I wish to explain why I am proceeding to sue the New York state legislature for abdicating their duty to protect our elections. In my Open letter to NY citizens, election workers and election commissioners, I provide the background that brings us to the current state:
"Our time-tested electoral system, which required as its core principles the participation of human beings to watch and observe and check against fraud, is about to be eliminated... The current state legislature has cast 150 years of legislative wisdom out the window in passing statutes that undermine the very foundational cornerstones of our electoral laws."
In the briefest terms, I am bringing this lawsuit because when our government fails us as miserably as it has, our system provides that it is the judiciary to whom we should turn to stop the legislature from behaving in derogation of its responsibility to protect our constitutional right to vote.
Our electoral system has always required a transparent, observable highly safeguarded process to ensure the integrity of our vote. The safeguards, intended to prevent the opportunities for fraud and manipulation, which we have enjoyed for well over a century, will be rendered nonexistent if we permit our vote counting to be concealed within the unobservable processes of a computer. It doesn't matter what kind of computer - be it a DRE or Optical Scanner - software driven devices have been shown to be highly vulnerable to manipulation without detection.
We know all systems can be manipulated regardless of the level of security provided, but it should be known that software driven voting systems provide no security. The protocols used to secure computerized financial transactions cannot be applied to voting systems because a voter's identity cannot be linked to her choices, whereas bank debits and credits must be linked to a specific customer.
Anonymous ballots are requisite to free and fair elections. Anonymous bank transactions don't happen. The level of secrecy required for elections renders computerized systems unaccountable and inappropriate.
Even with the strict standards and expert oversight an institution such as Hannaford Supermarkets provides, this month it revealed that its computers were hacked for a three month period beginning last December. Hackers accessed 4.2 million credit cards used in six states and Canada, including those belonging to shoppers in its Florida Sweetbay stores, and all independent retailers that sold Hannaford products.

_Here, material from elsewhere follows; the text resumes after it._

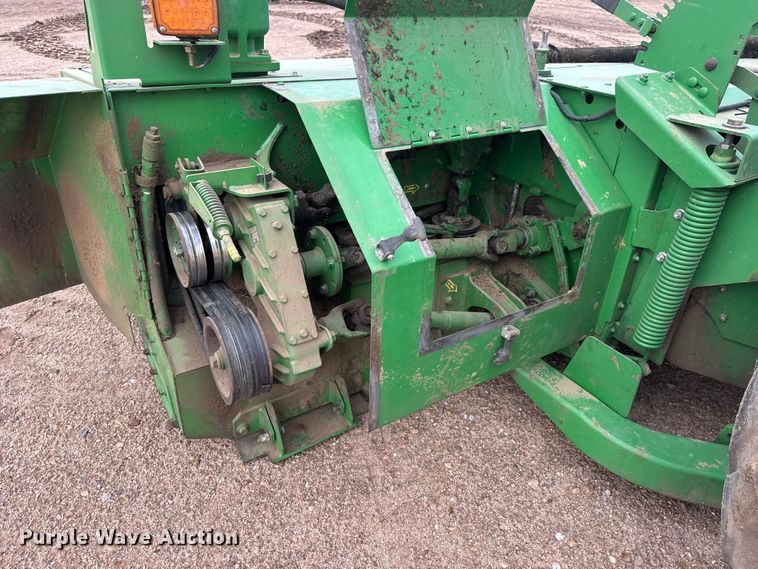 image for item NA9319 2013 John Deere R450 SP swather / windrower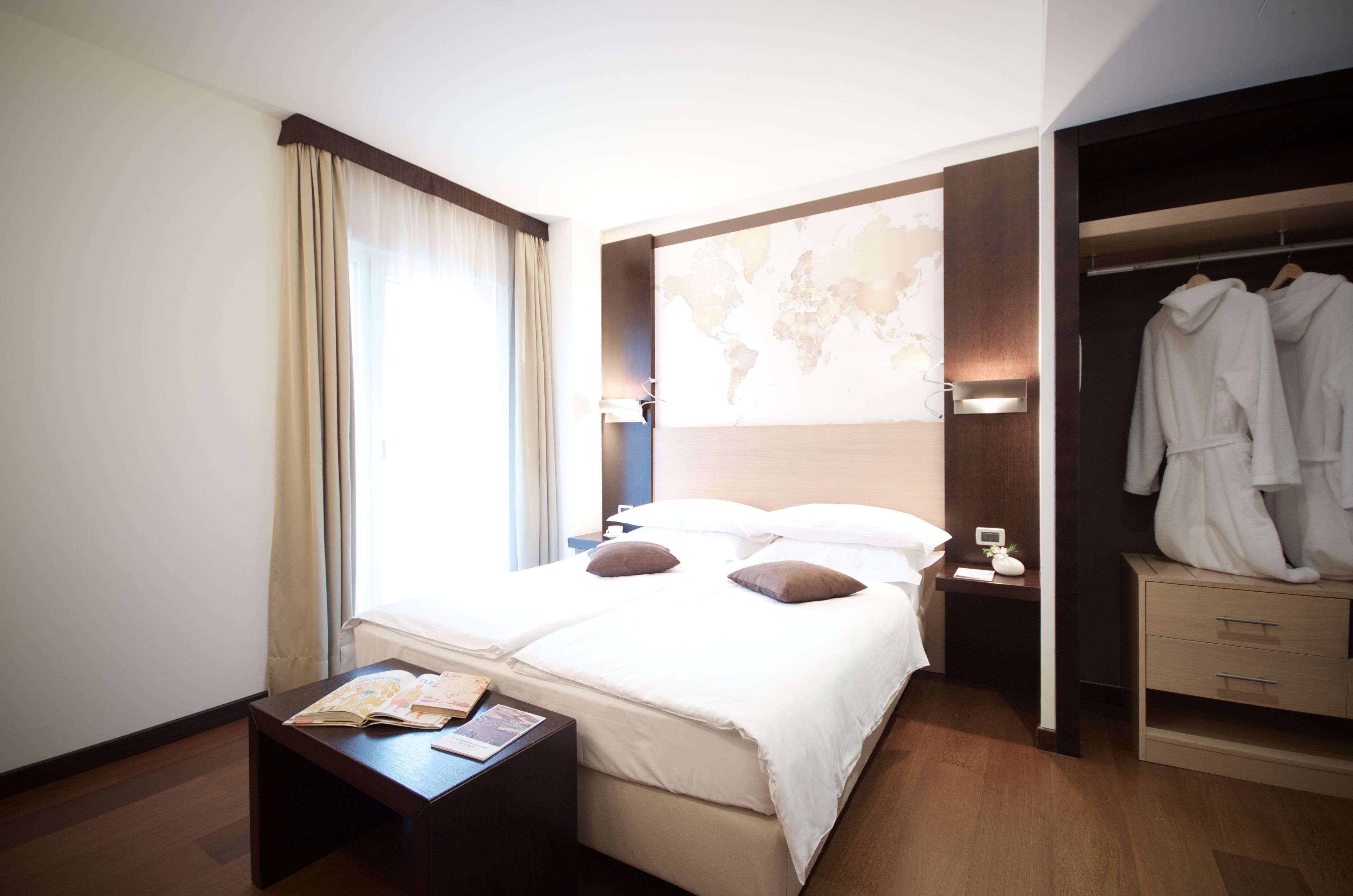 superior room (map) | 1 bedroom, hypo-allergenic bedding, minibar, in-room safe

Hannaford speculated that a single person - a vendor technician or a rogue hacker - could have remotely or directly installed malware into the servers. Every one of its grocery stores in Maine, New Hampshire, New York, Massachusetts, Vermont, and elsewhere, were hacked. Even though it met credit card compliance standards, and notwithstanding its firewalls, virus checks and close scrutiny, Hannaford did not discover the breach until after learning that 2,000 instances of credit card fraud had occurred.
"Just because they are compliant, it doesn't mean they are safe," said Graham Cluley, technology consultant for Sophos, Inc., a Burlington computer security firm.
In software driven election systems, no such mechanisms are in place that would trigger such an investigation. We'd never know. Voter names are not linked to voter choices. Malware can be self-erasing and completely undetectable. The use of software driven systems is no way to run a democratic electoral system.
The stakes are a lot higher when we're talking about controlling the U.S. treasury, a far more desirable target than 4.2 million credit cards. And we're talking about nothing less than our sovereignty when voting computers are hacked.